The Supercomputer Facility is managing this project and four of the staff are actively involved in the work. Academic direction of the project is under Professor R Brent, CSL, RSPhysSE and Professor M Osborne, Program in Advanced Computation, CMA, SMS.

Three research fellow positions are now funded under this project. Dr Andrew Cleary, formerly of Sandia National Laboratories, USA, arrived at the ANU late in 1991 to begin work on the project. Dr Markus Hegland, formerly of ETH, Switzerland joined the project in January 1993. Dr Peter Price, who previously had a half-time appointment with ANUSF, worked half-time on the project complementing his other half-time position working in developing numerical algorithms in the Area 2 AP1000 project. A full-time post was advertised during the year, but the successful applicant eventually declined to take up the appointment. It was expected that an alternative would be appointed at the start of 1994. Drs Cleary and Hegland are located in the Program in Advanced Computation, CMA, SMS and Dr Price is located in the Computer Sciences Laboratory, RSPhysSE.

The project has excited considerable interest among staff of the SMS, and a number of others, including Dr S Roberts, Dr D Stewart and Dr Z Leyk have been involved.
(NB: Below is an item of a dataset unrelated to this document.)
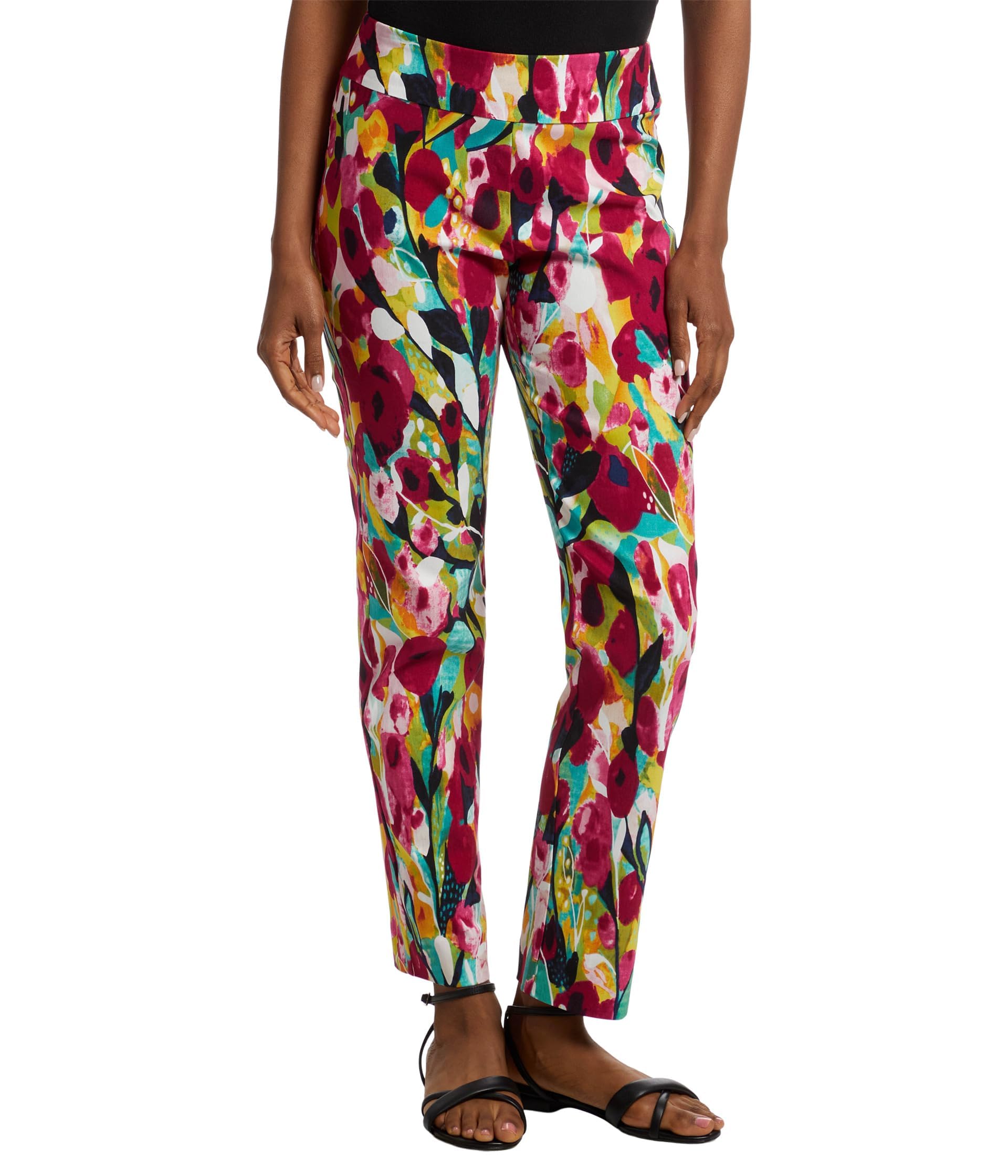 Krazy Larry Pull-On Ankle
Dr M Dow, Ms J Jenkinson, Dr M Kahn and Dr D Singleton of the ANUSF have also been actively involved in the project.

One Australia Yacht Design

During the year, the University entered into an agreement with Sun Microsystems to supply supercomputer resources and support to assist the design by Fluid Thinking Pty Ltd of a challenger for the America's Cup by the One Australia Consortium led by John Bertram. Work began late in the year on this project which is thought to be the largest industrial supercomputer project undertaken in Australia.

ANU-Ford Collaboration

The Facility is a partner in a collaborative project that is being established with Ford in Melbourne by the Department of Engineering, The Faculties. The collaboration is aimed at improving the quality and manufacturing of automotive components while reducing the cost and weight.
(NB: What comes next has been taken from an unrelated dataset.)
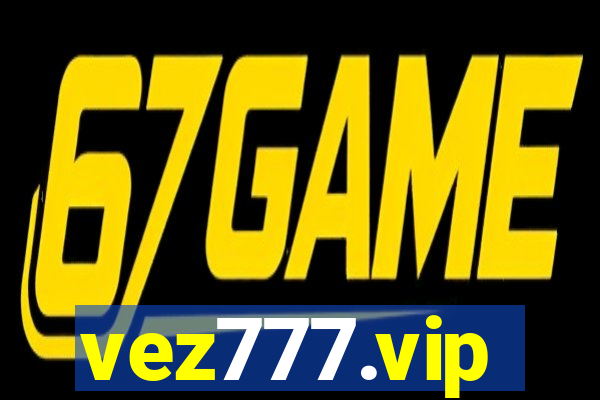 vez777.vip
Visitors to the Supercomputer Facility

During 1993 there was a visit by staff of Fujitsu Japan for a regular management meeting for the joint projects between ANU and Fujitsu. Visitors included:

Dr Y Kosaka, Engineer in Chief, Systems Business Promotion Group 1-2 February

Mr N Tahara, Research Centre for Computational Science 1-2 February

Mr T Okuzumi, Oceania and Canada Division 1-2 February

As well as a number of visits from external users of the VP and from industrial representatives, the following persons visited the Facility in 1993:

Prof M Arbib, University of Southern California 8 February

Mr H Fukuda, Deputy Director, Industrial Electronics Division, MITI, Japan 15 February

Dr R Garner, IBM Cornell 22 February

Dr A Beswick, Department of Primary Industry, QLD 25 February

Mr B Wood, Minister for Education and Training, ACT Government 25 May

Mr L Bray, Ernst and Young
31 May

Dr R Oglesby, Purdue University 23 July - 20 August

Mr A MacDonald, Director of Information Services, University of Calgary 28 July

In addition, a delegation led by Mr E Izumida from the Fujitsu Center Association, Japan visited on 8 March.
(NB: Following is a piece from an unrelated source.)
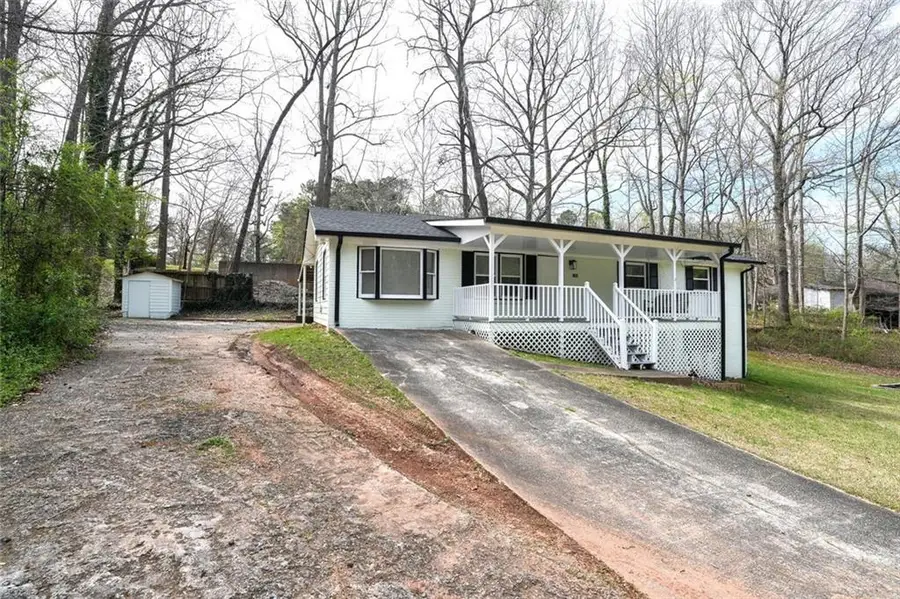 1980 Winchester Court Sw, Marietta, GA 30008 - #3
Hardware, Software and System Performance

The VP Hardware, Software and Operating Environment

The Fujitsu VP2200 is a water-cooled 64-bit vector processor with a peak speed of 1.25 gigaflops. It has a clock cycle time of 3.2 ns (6.4 ns scalar cycle time), 32 kbytes of vector registers and four words-per-cycle bandwidth to memory. The main memory is 512 Mbytes and there is 1 Gbyte of SSU (secondary memory). During 1993 it was configured with around 35 Gbytes of disk space, including 15 Gbytes on loan from Fujitsu Australia Limited.

The VP2200 runs Fujitsu's System V Release 4 UNIX (UXP/M) and is available both for batch and interactive use. Network access is through TCP/IP connections onto the campus Ethernet, AARNet and the Internet. An FDDI connection is planned for early 1994.

Both a vectorizing FORTRAN compiler and a vectorizing C compiler are installed together with third-party software packages.

The VP2200 system and its software are now quite mature and few changes occurred in 1993. The system was available to users for 98.7 per cent of the year. The monthly availability is illustrated in the following figure.

Click here for Picture Although usage of packages is not high at ANU since many researchers are developing their own codes, the packaged software base is gradually growing. In 1992, the University Computing Committee allocated funds to the Facility to purchase major software packages if similar funds were provided by potential users of the packages. The DISCOVER biomolecular modelling package from Biosym was purchased in 1992 from this fund in conjunction with the Centre for Molecular Structure and Function. In 1993, the balance of the funds were used to assist with acquiring a site-wide license for AVS, the leading visualization package. The Facility was unsuccessful in attracting funds for 1994 through this mechanism.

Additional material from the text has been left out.